I heard it once said that "People Buy People First the Product Second". In the world of consultancy it's never been more true, and no matter how many methodologies, case studies and proposals clients ask for, their decision often comes down to whether they like the people you put in front of them. 

Consultants need thick skin. Bid after bid you're judged on your CV and a short interview. Your chance to shine is often as part of a presentation in front of a panel who would much rather be doing their day job, not stuck in a board room for two days with Dave from procurement. 

But when you think about creating successful teams, shouldn't more emphasis be put on the relationships, how the team will be structured and whether the team will work well together, and less on the individual capabilities?

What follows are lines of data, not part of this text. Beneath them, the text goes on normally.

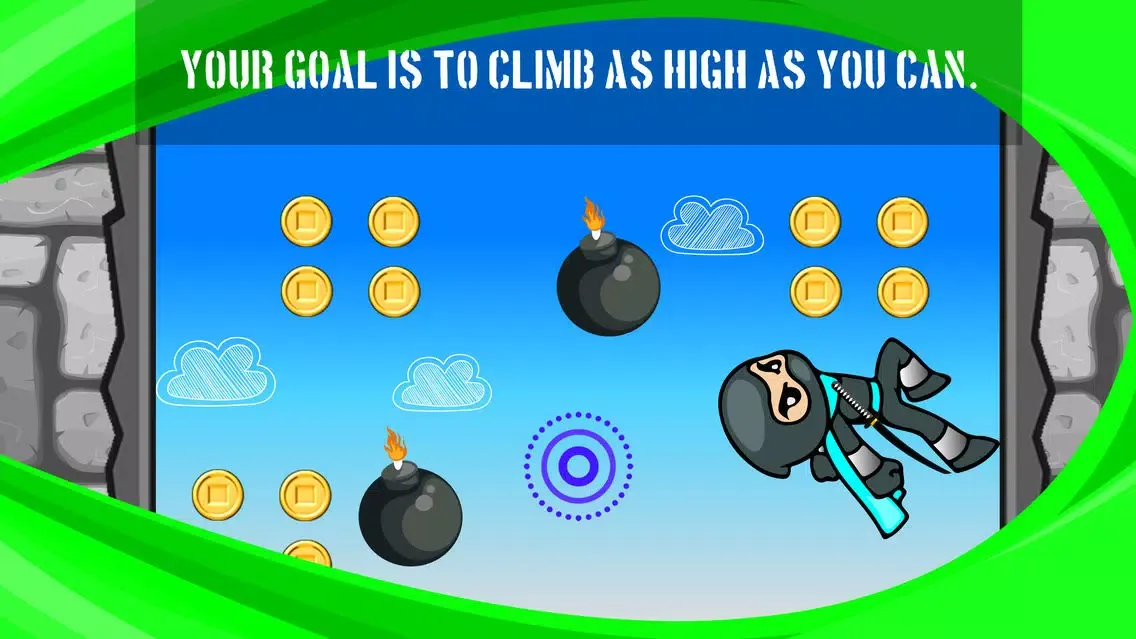 Ninja Hero Climbing Runner應用截圖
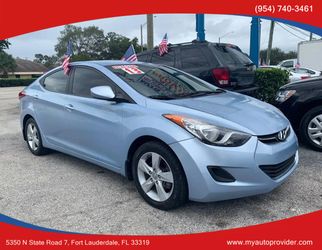 2013 Hyundai Elantra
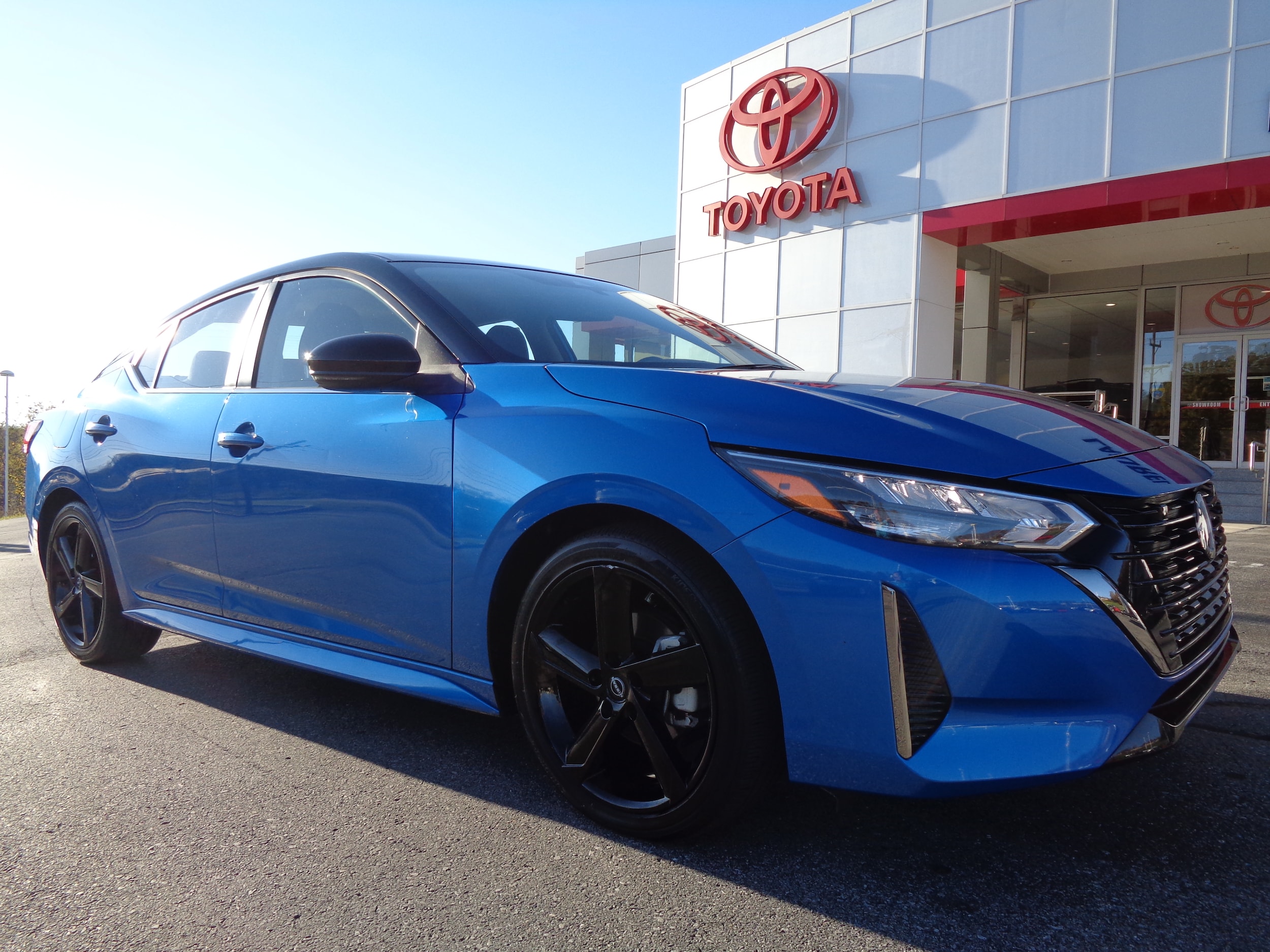 2024 Nissan Sentra SR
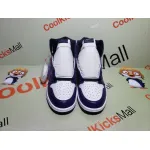 Coolkicks PKGoden Air Jordan 1 Retro High Court Purple White,555088-500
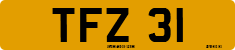 License plate of the United Kingdom, 1932 year system
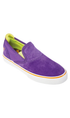 Emerica Wino X OJ Youth Slip-On Shoes Purple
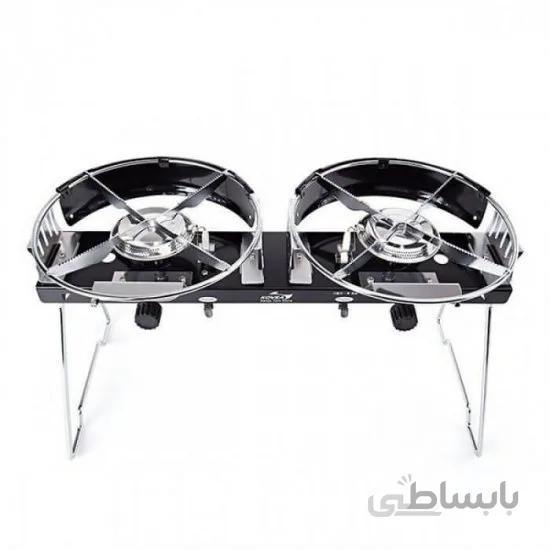 اجاق گاز مسافرتی دو شعله مدل Kovea - Handy Twin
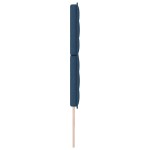 vidaXL Cap de Pat LED Design Linii Albastru 200 cm Țesătură vidaXL Cap de Pat LED Design Linii Albastru 200 cm Țesătură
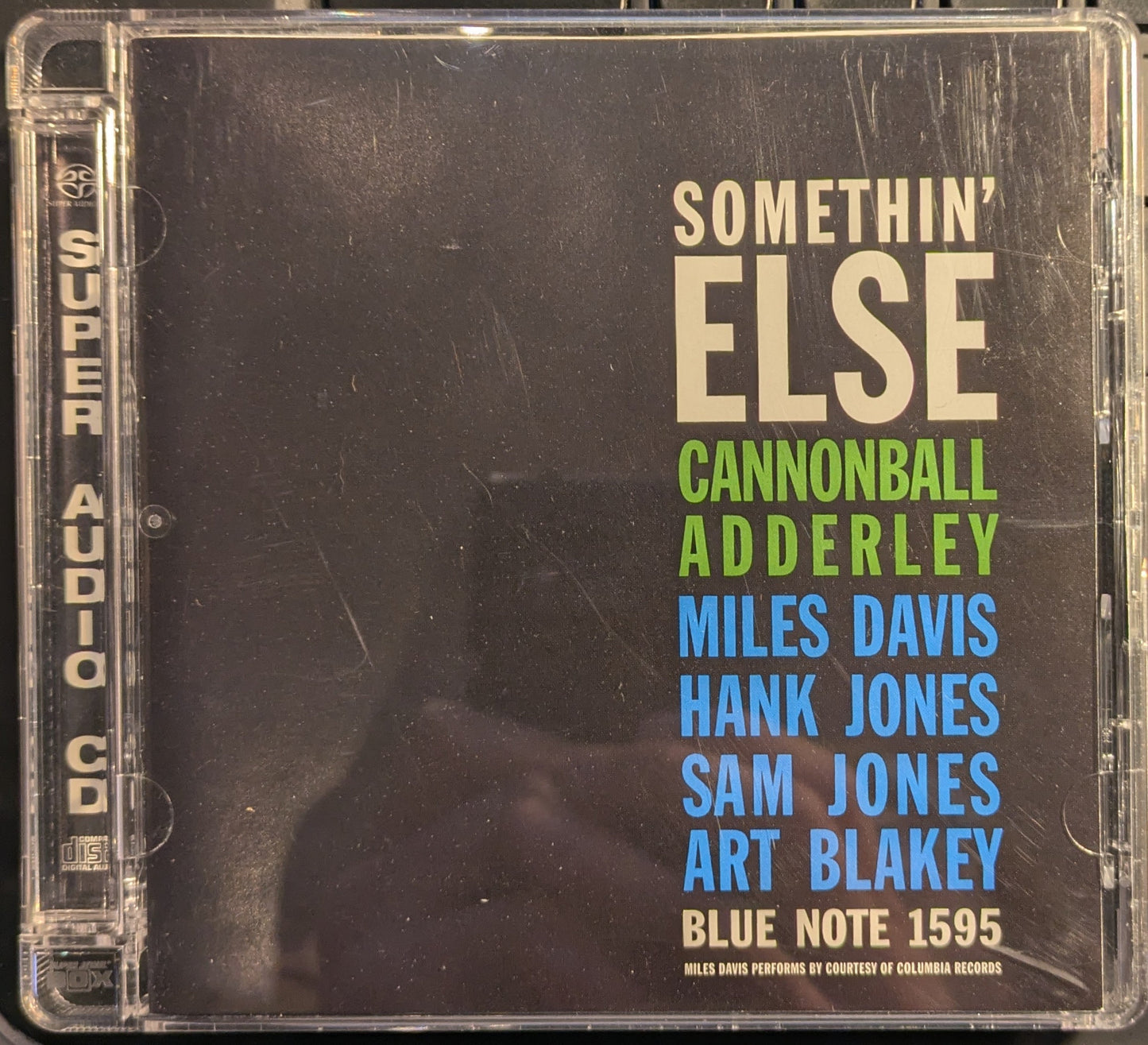Cannonball Adderley - Somethin' Else (SACD) | Near Mint (NM) Near Mint (NM)-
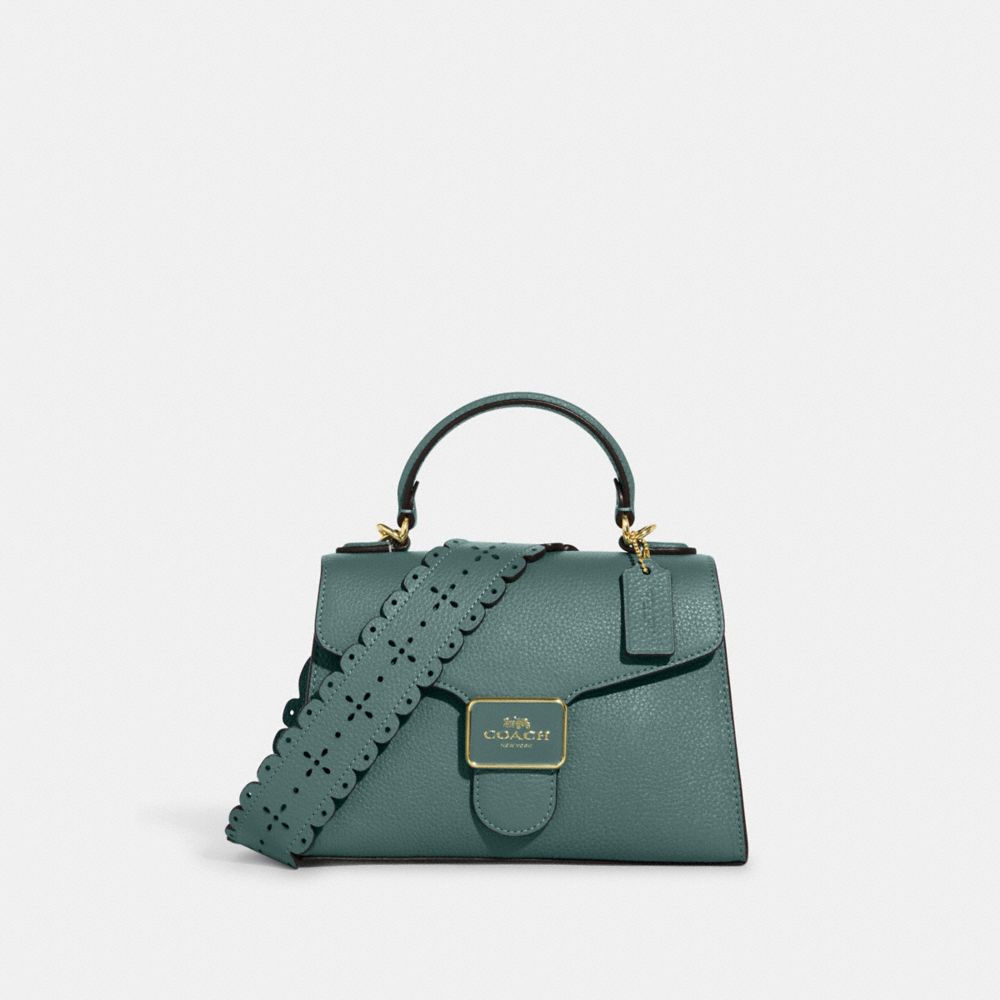 COACH Ca234 - PEPPER SATCHEL - IM/MARINE | COACH HANDBAGS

I don't think in ten plus years of bidding that I've ever seen the client team set out their own profiles, capabilities and how team members like to work. It's rare these days to even get an organisational chart with actual names in it from the client team, let alone detail of the specific people you're signing up to work with. 

So what can client's do to be more transparent?

A good starting point is a decent organisational chart, showing who's doing what in the project. That helps bidders understand how your team will be structured and will, in turn, enable them to better match up their team to minimise any cross-over of roles and simplify reporting.

If you're feeling ambitious, details of the decision making, reporting and governance in your organisation helps give the organisational chart context, and again improves bidders ability to simplify and streamline their own approach.

Next, give some context on the people. This is a tough one, but the background and working preferences would enable teams to try and match up the right people. Using a commonly understood profiling tool like Myers-Briggs would enable bidders to understand what makes your people tick and how to align their people to yours. 

And finally give bidders the chance to meet your team before or during the bid process. Nothing helps bidders build an understanding of your team's culture more than spending time together. 

What would the benefits be?

Ultimately, any tender process should be set up to get the best possible solution for a project or programme. That solution should be grounded in the people who'll be working on the project on both sides of the table. They need to be able to work together, efficiently and effectively, and bring out the best in each other. 

The benefits should speak for themselves. Teams that have been set up correctly resolve problems quicker and work together to overcome challenges and changes that come up as projects progress. If a team works well together the churn in the team is lower, people feel committed to each other and the project and have confident to innovate and support others when they raise new ideas too. 

Simply put, high performing teams deliver better results.